Using the Installer#

Warning

The installer is for a very old version of MyoGestic.

Until we find a better and/or reliable way of creating an executable we highly recommend using uv.

📝 Note: The installer is only available for Windows. If you are using another operating system, please follow the developer installation instructions below.

📝 Note: Using the installer does not allow you to add your own myocontrol algorithms. This is only for using the existing ones.

How to Use / Tutorial#

Quick Start Guide#

  1. Install MyoGestic using one of the methods described above

  2. Connect your EMG acquisition hardware

  3. Launch the application: python -m myogestic.main (or use the installed executable if using the installer)

  4. Select the desired algorithm and parameters

  5. Begin recording and testing

Video tutorial#

MyoGestic Tutorial

If you prefer a PDF version, you can download it here.

Development#

What is what?#

MyoGestic/
├── myogestic/           # Main package source code
│   ├── data/            # Default data/configurations used by the package
│   ├── gui/             # Graphical User Interface components
│   ├── models/          # Myocontrol algorithm models and interfaces
│   │   ├── core/        # Core model implementations (assuming this still exists)
│   │   └── definitions/ # Model definitions and specifications (assuming this still exists)
│   ├── utils/           # Helper functions and utilities
│   ├── main.py          # Main application entry point
│   ├── default_config.py # Default configuration settings
│   └── user_config.py   # User-specific configuration
├── docs/                # Documentation source files
├── examples/            # Example usage scripts and notebooks
├── tests/               # Automated tests
├── pyproject.toml       # Project metadata, dependencies, and build configuration
└── uv.lock              # Pinned versions of dependencies managed by uv

How to Cite#

If you use MyoGestic in your research, please cite the following paper:

 @article{
     Sîmpetru2025,
     author = {Raul C. Sîmpetru  and Dominik I. Braun  and Arndt U. Simon  and Michael März  and Vlad Cnejevici  and Daniela Souza de Oliveira  and Nico Weber  and Jonas Walter  and Jörg Franke  and Daniel Höglinger  and Cosima Prahm  and Matthias Ponfick  and Alessandro Del Vecchio },
     title = {MyoGestic: EMG interfacing framework for decoding multiple spared motor dimensions in individuals with neural lesions},
     journal = {Science Advances},
     volume = {11},
     number = {15},
     pages = {eads9150},
     year = {2025},
     doi = {10.1126/sciadv.ads9150},
     URL = {https://www.science.org/doi/abs/10.1126/sciadv.ads9150},
     eprint = {https://www.science.org/doi/pdf/10.1126/sciadv.ads9150},
 }

License#

MyoGestic is licensed under the GNU General Public License v3.0 (GPL-3.0).

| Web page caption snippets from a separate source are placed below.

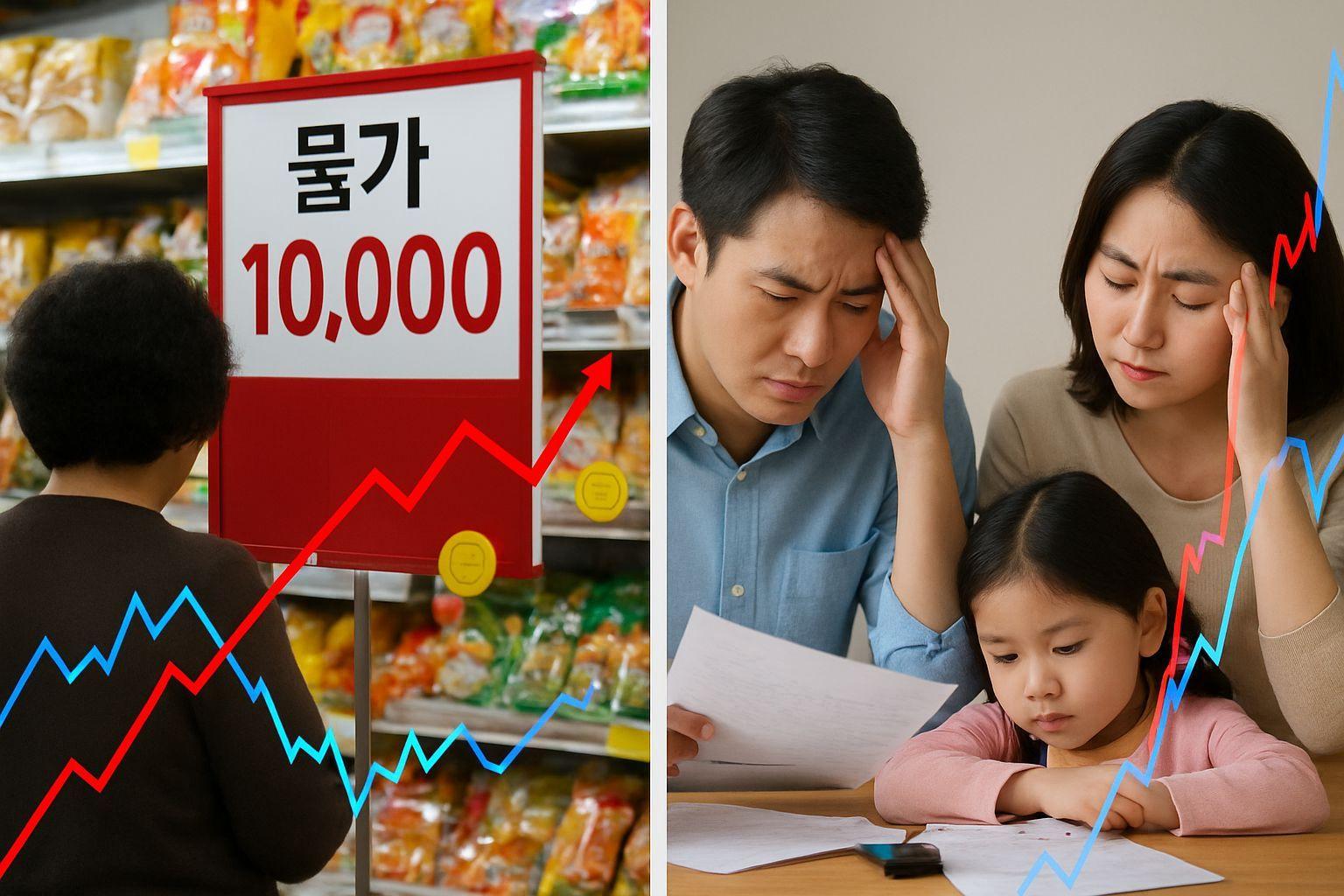 ⚠️ 고환율이 물가와 가계부채에 미치는 충격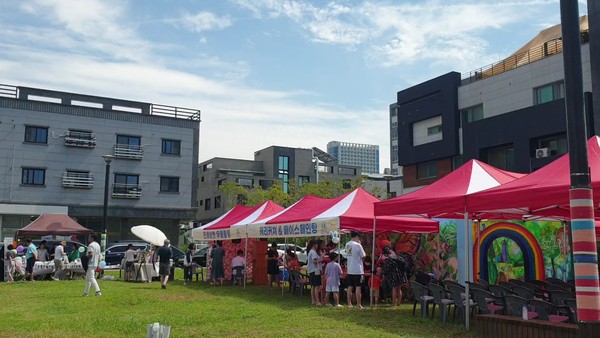 영종 은골 카페거리에서 열린 오픈 하우스 문화행사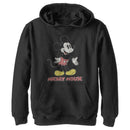 Boy's Mickey & Friends Mickey Mouse Retro Stance Distressed Pull Over Hoodie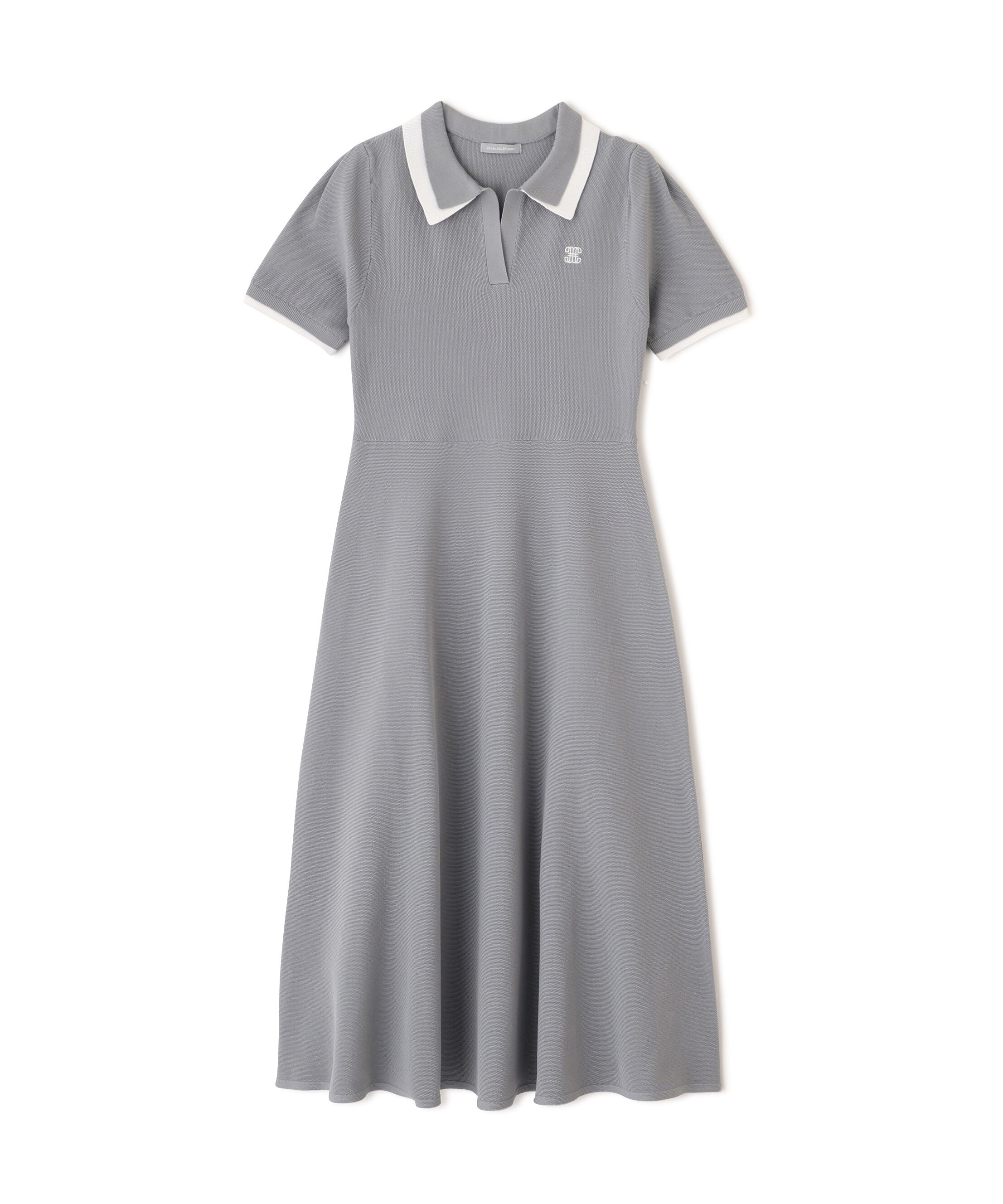  「ダブル襟半袖ポロシャツワンピース」|ワンピース|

This means you are free to:

  • Use the software for any purpose

  • Change the software to suit your needs

  • Share the software with others

  • Share the changes you make

Under the following conditions:

  • You must disclose your source code when you share the software

  • You must license any derivative work under the same or a compatible license

  • You must state changes made to the software

  • You must include the license and copyright notice with the software

This is a simplified explanation. For the full license text, see the LICENSE file or visit GNU GPL v3.